It appears that on many of these panels we now have two pairs of causes and results. The close correlation we saw on the previous panels is now lost. It may be the sculptors were following a somewhat different text, and it may be they wanted to be more plastic about the deeds that lead to these various results. Below I try to identify various hells that are resultant.
Rebirth in Hell
Herein, what is the deed that leads to rebirth in hell? It is said:  Wrong living in body, speech and mind through having severely corrupt thoughts.  A deed based on annihilationist view.  A deed based on eternalist view.  A deed based on nihilistic view.  A deed based on inconsequence view.  A deed based on a selfish doctrine.  A deed based on ungratefulness.  Bad deeds having immediate results.  Making false accusations against virtuous noble ones.
86. Killing Humans and Animals leads to Rebirth in Hell
Although the characters on the right are largely destroyed we can see they were fighting, one has a raised sword, and is chopping the other down.
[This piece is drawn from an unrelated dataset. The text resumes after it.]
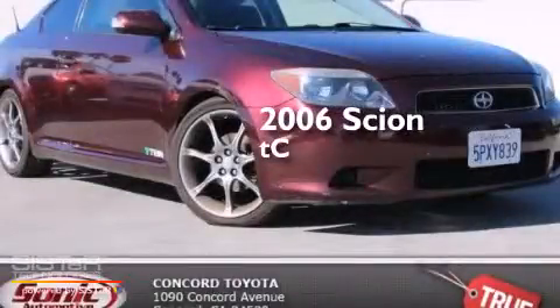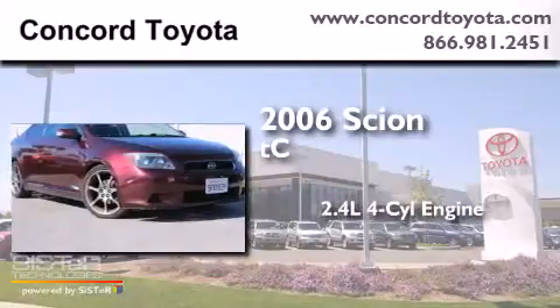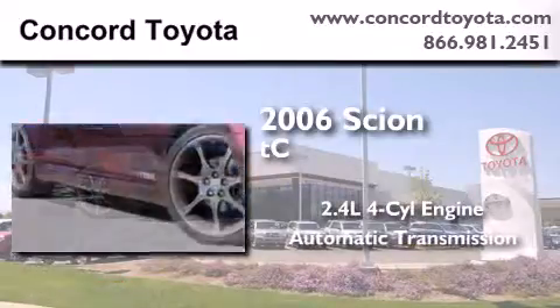This is a 2006 Scion TC. It features a 2.4-liter four-cylinder engine and an automatic transmission.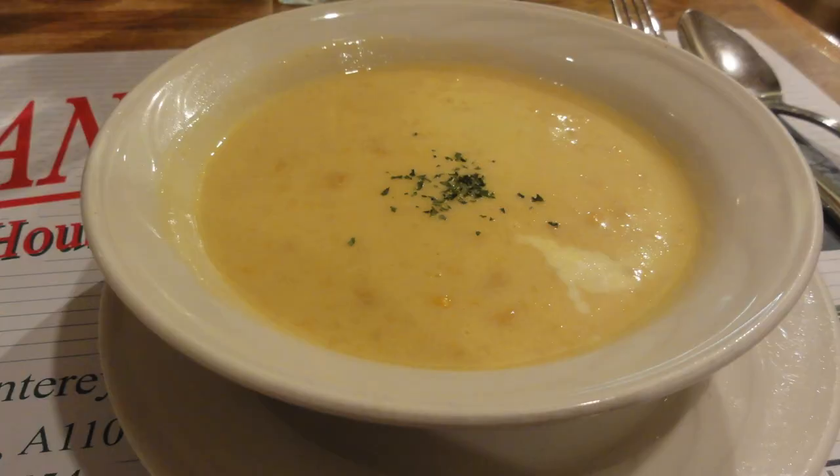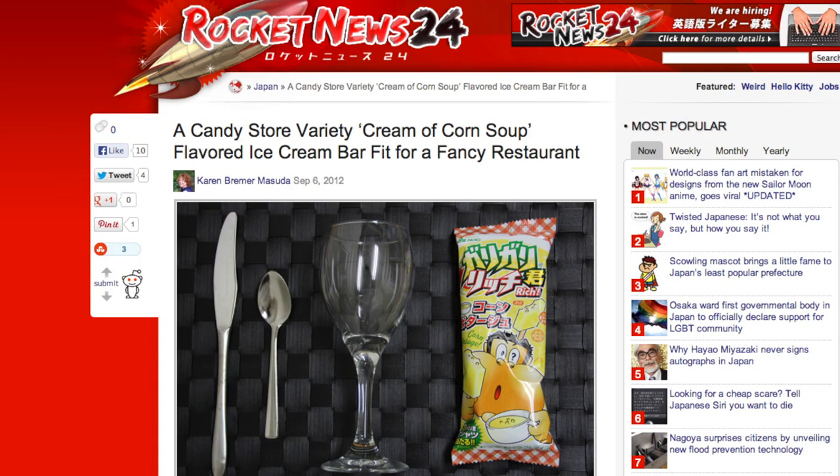Now that may sound bland, but corn pottage is a very popular soup in the land of the rising sun. So much so, the soup's being shaped into some weird non-soup things. Rocket News 24 did a report where it found a corn pottage popsicle flavor.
They have been reborn in the Reviving (Sañjīva) hell and again attack each other.
Left of centre a butcher kills a sheep, while a baby lamb looks on. The gruesome result is shown on the far left. Someone is reborn in hell, and is having his head sawn in half by his tormentors. This is the result of his violence in a previous life.
87. Execution and Entrapping leads to Rebirth in Hell
On the right a queen looks on as someone is executed by having an elephant trample on him. In the Crushing (Saṁghāta) hell mountains close in on the victims and crush them to death. The rocks are shown in stylised fashion at Borobudur.
Just left of centre we see a man is smoking out small animals after which he will no doubt kill them. The punishment is rebirth in the Fearful (Raurava) hell. Here two scenes from that hell appear to be given, in the first he is being executed by a man with a sword. In the second two men are pierced through with sharp thorns from the trees.
88. Wrong Speech and Action leads to Rebirth in Hell
We can infer from the punishment shown right of centre that the deed must be one of trickery or deception, i.e. a form of wrong speech. He is then reborn in a hell where he has his lips burned through with a hot iron.
Left of centre we see one man about to slap what is probably his father, or at least someone of good standing. Later he is reborn in the Burning (Tapana) hell, where he will suffer being burned, and by the look of it, being pulled apart by birds and dogs.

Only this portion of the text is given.